Her obsession with one-upping Aunt Grace had reached the point where my life or death simply didn't factor in.

Something tore open in my chest, and cold wind poured through the gap.

As if she hadn't driven enough knives into my heart over the years.

When Aunt Grace enrolled Stella in art classes and horseback riding lessons, my mother immediately dumped every household chore on me. "What's the point of all that nonsense? Better you stay home and help me."

When Stella sneezed, Aunt Grace rushed her to the hospital for a full checkup. When my appendix nearly ruptured and I was writhing on the floor in agony, my mother stood over me and scolded, "Don't be like your cousin—running to the hospital over nothing."

Aunt Grace sent Stella abroad early to polish her credentials, despite Stella's grades being abysmal. When I got accepted to a top university, my mother blocked me from going. "Degrees are worthless these days. You'd be better off working a factory line."

If it weren't for the school principal and my teachers showing up one after another to talk sense into her, I'd have dropped out long ago.

So no—her reaching this level of cruelty didn't surprise me. Not one bit.

I was tired. Numb. Done fighting.

I turned and walked into my room.

She followed me to the doorway.

"Sweetheart, I'm doing this for your own good."

"Why would a girl like you want to kill herself working at some big company? Better to find an honest man and settle into a real life."

"Your cousin snagged a rich boy—sure, looks glamorous on the surface. But playboys get bored. Sooner or later, he'll toss her aside."

She said this with an easy smile. Perfectly at peace.

And me? I felt like a fishbone had lodged in my throat.

Couldn't cough it up.

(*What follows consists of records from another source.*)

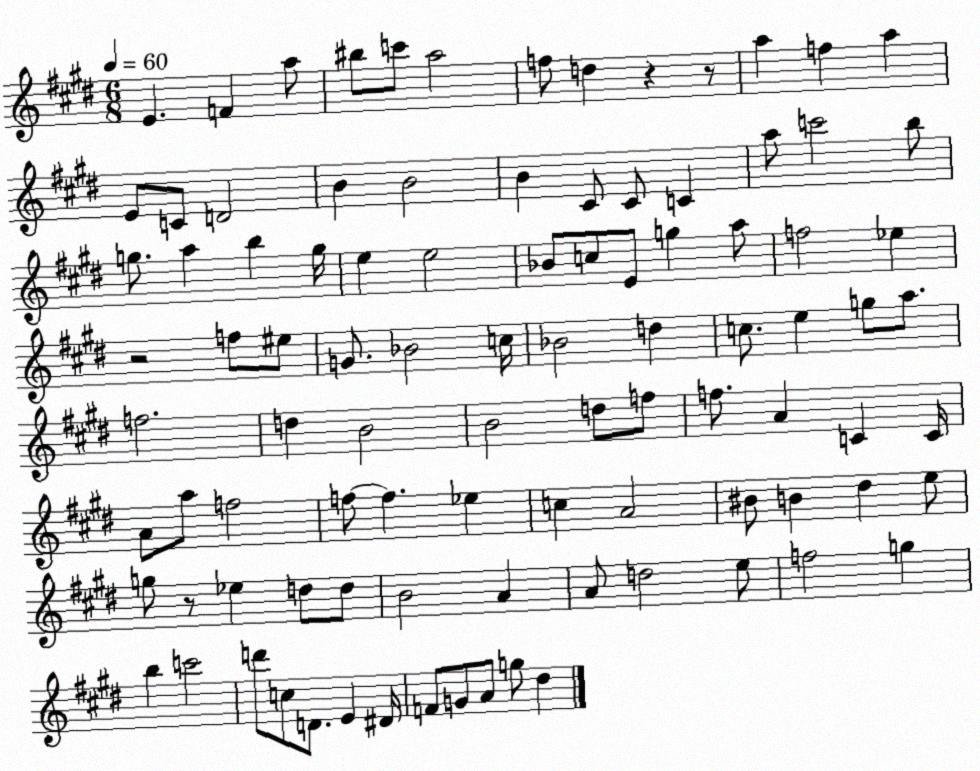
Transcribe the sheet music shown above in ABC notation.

X:1
T:Untitled
M:6/8
L:1/4
K:E
E F a/2 ^b/2 c'/2 a2 f/2 d z z/2 a f a E/2 C/2 D2 B B2 B ^C/2 ^C/2 C a/2 c'2 b/2 g/2 a b g/4 e e2 _B/2 c/2 E/2 g a/2 f2 _e z2 f/2 ^e/2 G/2 _B2 c/4 _B2 d c/2 e g/2 a/2 f2 d B2 B2 d/2 f/2 f/2 A C C/4 A/2 a/2 f2 f/2 f _e c A2 ^B/2 B ^d e/2 g/2 z/2 _e d/2 d/2 B2 A A/2 d2 e/2 f2 g b c'2 d'/2 c/2 D/2 E ^D/4 F/2 G/2 A/2 g/2 ^d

Couldn't swallow it down.

She was the only family I had in this world.

And every single time, she'd push me to the edge of a cliff—then press her hand to her heart and say those words, I'm doing this for your own good, as if that made black white and wrong right.

As if I were the ungrateful one—the daughter too foolish to see her mother's good intentions.

I said nothing and shut the bedroom door.

The thought gnawed at me all night, shredding any hope of real sleep. My mother's face flickered behind my eyelids, then my aunt's, both blurred and shifting like figures in a fever dream.

The next morning, my mother's voice dragged me out of a fitful doze.